I like to sell covered calls against the stocks that I buy especially if I can find an option that has a high premium and pays dividends. There are stocks that have call options that can be written/sold that will yield greater than a 50% return if you sell the covered calls 12 times a year. This covered call strategy usually allows you to keep any dividends paid, as the holder of the option is usually reluctant to exercise if there is time left on option. Once the stock trades ex-dividend, the stock price drops by the amount of the dividend making the option that you sold worth less. Since you wrote the covered call, you own the stock and you receive the dividend, but the option that you wrote has a better chance of expiring worthless. For example, you can sell/write a call option on a $17.00 stock and pick up a premium of $1.00 for a 1 month expiry. If you can do this 12 times a year, you will have picked up $12.00 in premiums at a cost of only $17.00 The idea is to find a number of stocks you don’t mind holding for the long term so that if the stock goes down, you’re okay holding the position. If the option gets exercised and becomes too expensive, you write the covered call option against another stock. This strategy is actually considered conservative as you have some downside protection (from the premium received) and have limited upside. When the returns are capable of easily returning 20-30% per year, it doesn’t feel very conservative, but compared to a strategy of just owning the stock, it is relatively conservative.

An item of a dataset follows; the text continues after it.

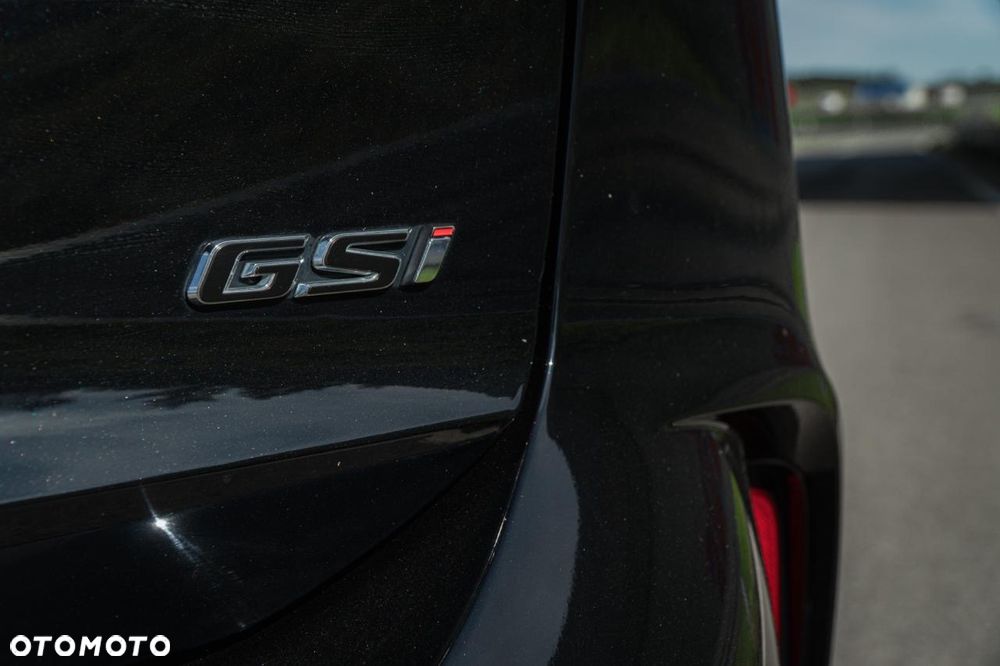 Opel Insignia 2.0 T 4x4 GSi + S&S - 8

I like to buy put options on companies that have high P/E (or negative) ratios in troubled US industries e.g. car manufacturers, retailers, hotels, airlines, casinos, housing companies. As the US economy continues to weaken, I suspect that consumers will begin to shop for value causing the Wal-Marts to do well at the expense of their more costly competitors. I’m a little wary of buying more puts on US financial institutions as even though I think there is a lot more pain on the way, a lot of these financials make a lot of money if they weren’t writing down bad assets etc.